AI in education, assignments and career development

I was part of a panel discussion about AI and education recently .

Government Engineering College Bhavnagar has organised Academic Laurites Awards-2025. The Principal and organising team are kind enough to invite me to the panel. 

Following is the transcript of my answers and discussion to the questions asked by panel moderator and the audience.

Moderator: 

We see a lack of opportunity for the freshers. How do we fix that?

Prashant:

Saying “lack of opportunity” is a myth. We should say lack of willingness to work, lack of skills or gaps between expectations, but not lack of opportunity. 

I would like to remember an intern we had a couple of years back. She was recommended by one of his professors and walked in with no exceptions of profile or stipend, but a deep desire to work and learn.

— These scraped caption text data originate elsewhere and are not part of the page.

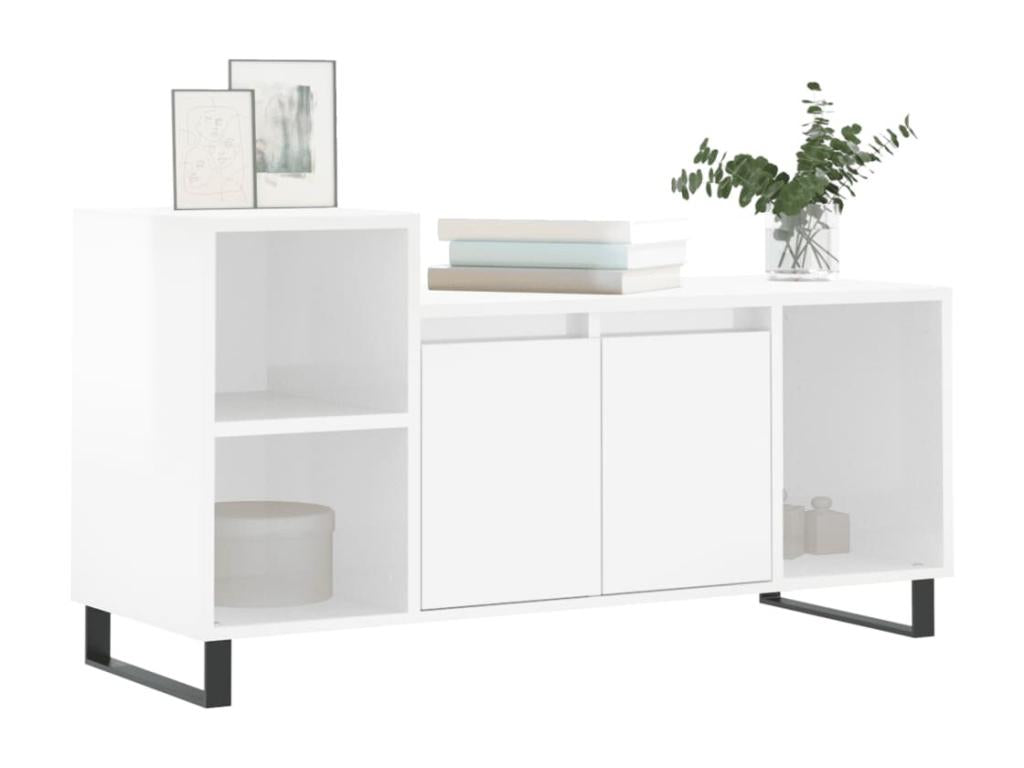 Meuble TV Blanc brillant 100x35x55 cm Bois d'ingénierie NDNQ07256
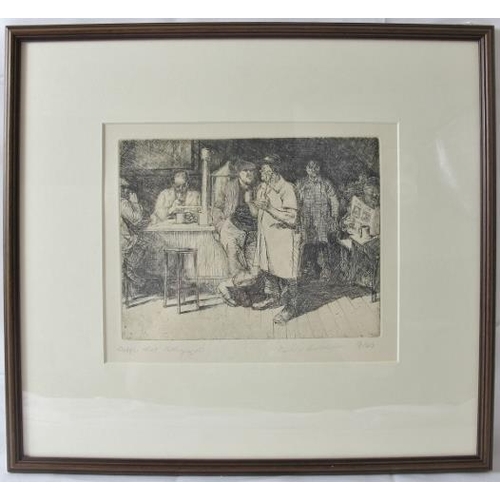 599 - Roland Batchelor (1889-1990) - 'Coffee Shop', pencil signed limited edition etching, numbered 9/40, ... 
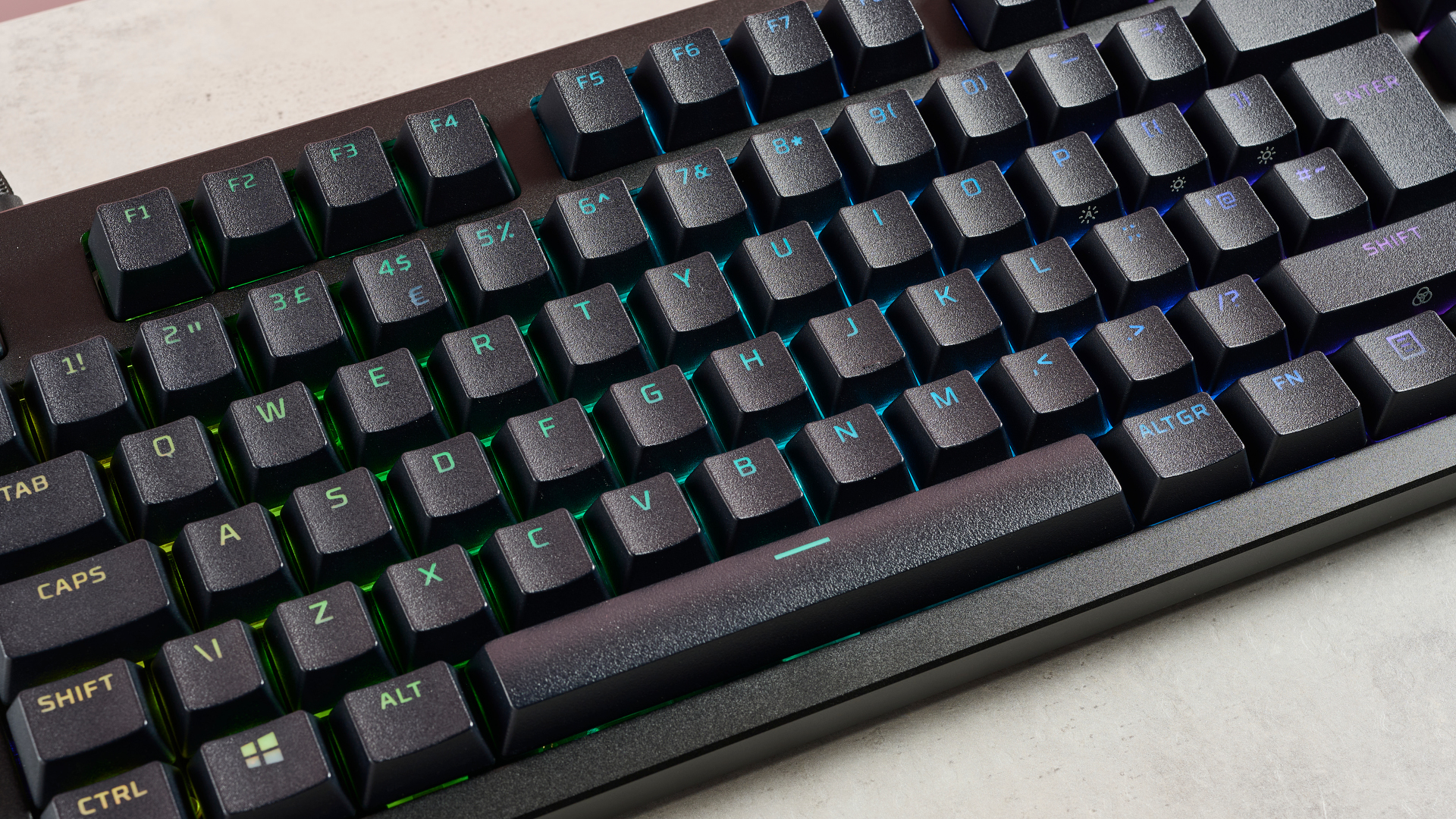 close up of RGB backlighting on HyperX Alloy Rise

A 5th semester IT engineering student — she had worked on data collection to production and packaging, everything she could do and learn.

At the departing moment we paid her a stipend and a certificate too. But more importantly, we issued a letter addressing the principal, explaining her commitment towards her work and her other abilities. That was our effort to bring deserving glory to the young girl.

So believe me, lack of opportunity is a myth and will remain a myth forever.

Moderator:

How students can use AI to improve their chances and have career opportunities.

Prashant:

Following are the ways they can use AI to improve themselves.

1) Use AI to sharpen their skills. Use it as a question engine and not an answer engine (this I have said in an older blog on havi.co and explained during the AI awareness sessions too, which we conduct for parents and teachers). Ask AI not to solve your maths or coding problem, ask it to generate more questions for you so you can solve them. That’s how you build your skills.

2) Use AI to supplement yourself. I have always seen freshers who can code well but can’t document their work, hence suffer in their career. 

3) Show-case that modern technology can solve problems of industry.

A few days back, I was interviewing a final year student for an internship. During the discussion he asked if he could show a few things. I welcomed the gesture. 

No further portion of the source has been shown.